WORK ITEM:
Repeat the lines below exactly as written, please, from the line with "2025 Chevrolet Express 3500 LT Passenger" to the line with "Property Photo: 1", both lines included, and no others.

INFORMATION:
[Start of Attachment]
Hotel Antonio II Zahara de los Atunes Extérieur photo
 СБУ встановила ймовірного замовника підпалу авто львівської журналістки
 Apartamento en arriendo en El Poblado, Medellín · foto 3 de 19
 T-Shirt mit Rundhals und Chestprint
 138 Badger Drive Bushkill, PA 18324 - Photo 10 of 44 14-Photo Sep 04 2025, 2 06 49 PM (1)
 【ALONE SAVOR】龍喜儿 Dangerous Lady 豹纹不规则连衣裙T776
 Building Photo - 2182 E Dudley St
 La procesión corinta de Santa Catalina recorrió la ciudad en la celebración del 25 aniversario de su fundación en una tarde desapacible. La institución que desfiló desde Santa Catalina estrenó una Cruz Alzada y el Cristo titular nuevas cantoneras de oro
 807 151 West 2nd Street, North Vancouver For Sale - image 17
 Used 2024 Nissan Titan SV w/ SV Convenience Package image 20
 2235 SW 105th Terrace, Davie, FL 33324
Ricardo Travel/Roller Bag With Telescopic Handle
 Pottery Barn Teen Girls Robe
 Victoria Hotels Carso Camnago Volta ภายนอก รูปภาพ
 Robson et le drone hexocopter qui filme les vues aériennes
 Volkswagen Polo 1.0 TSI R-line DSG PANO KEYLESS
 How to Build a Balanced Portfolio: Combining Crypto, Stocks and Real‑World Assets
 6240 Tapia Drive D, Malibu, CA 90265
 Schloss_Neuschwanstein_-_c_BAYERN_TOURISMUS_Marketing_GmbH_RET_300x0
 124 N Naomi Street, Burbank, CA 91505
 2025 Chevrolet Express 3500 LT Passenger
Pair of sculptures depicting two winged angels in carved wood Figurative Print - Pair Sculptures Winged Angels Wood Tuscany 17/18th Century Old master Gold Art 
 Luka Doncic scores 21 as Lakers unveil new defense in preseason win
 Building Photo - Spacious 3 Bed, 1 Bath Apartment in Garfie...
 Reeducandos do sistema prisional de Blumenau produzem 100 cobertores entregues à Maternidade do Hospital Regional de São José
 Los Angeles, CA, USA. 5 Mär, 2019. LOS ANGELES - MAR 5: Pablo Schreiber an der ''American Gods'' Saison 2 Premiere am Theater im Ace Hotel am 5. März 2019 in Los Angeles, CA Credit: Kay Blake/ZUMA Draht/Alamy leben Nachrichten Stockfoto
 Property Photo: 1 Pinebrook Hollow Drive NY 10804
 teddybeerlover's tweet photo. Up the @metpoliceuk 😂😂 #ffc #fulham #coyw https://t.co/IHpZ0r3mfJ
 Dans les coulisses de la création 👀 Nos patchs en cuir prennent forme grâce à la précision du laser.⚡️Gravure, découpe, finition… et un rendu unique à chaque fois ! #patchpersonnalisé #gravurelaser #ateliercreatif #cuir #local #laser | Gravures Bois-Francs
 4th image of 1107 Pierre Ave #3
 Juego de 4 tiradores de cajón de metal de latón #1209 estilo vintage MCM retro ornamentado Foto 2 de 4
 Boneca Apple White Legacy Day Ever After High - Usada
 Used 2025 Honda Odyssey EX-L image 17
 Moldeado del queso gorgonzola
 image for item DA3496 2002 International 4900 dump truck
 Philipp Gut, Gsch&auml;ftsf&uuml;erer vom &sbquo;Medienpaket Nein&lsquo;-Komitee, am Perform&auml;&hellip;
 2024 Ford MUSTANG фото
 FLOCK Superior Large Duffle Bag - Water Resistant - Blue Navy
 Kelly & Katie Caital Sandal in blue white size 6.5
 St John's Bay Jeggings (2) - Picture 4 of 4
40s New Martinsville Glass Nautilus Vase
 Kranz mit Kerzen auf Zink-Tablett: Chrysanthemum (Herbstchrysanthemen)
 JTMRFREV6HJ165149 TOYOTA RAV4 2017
[End of Attachment]
ANSWER FOR THIS EXERCISE:
 2025 Chevrolet Express 3500 LT Passenger
Pair of sculptures depicting two winged angels in carved wood Figurative Print - Pair Sculptures Winged Angels Wood Tuscany 17/18th Century Old master Gold Art 
 Luka Doncic scores 21 as Lakers unveil new defense in preseason win
 Building Photo - Spacious 3 Bed, 1 Bath Apartment in Garfie...
 Reeducandos do sistema prisional de Blumenau produzem 100 cobertores entregues à Maternidade do Hospital Regional de São José
 Los Angeles, CA, USA. 5 Mär, 2019. LOS ANGELES - MAR 5: Pablo Schreiber an der ''American Gods'' Saison 2 Premiere am Theater im Ace Hotel am 5. März 2019 in Los Angeles, CA Credit: Kay Blake/ZUMA Draht/Alamy leben Nachrichten Stockfoto
 Property Photo: 1 Pinebrook Hollow Drive NY 10804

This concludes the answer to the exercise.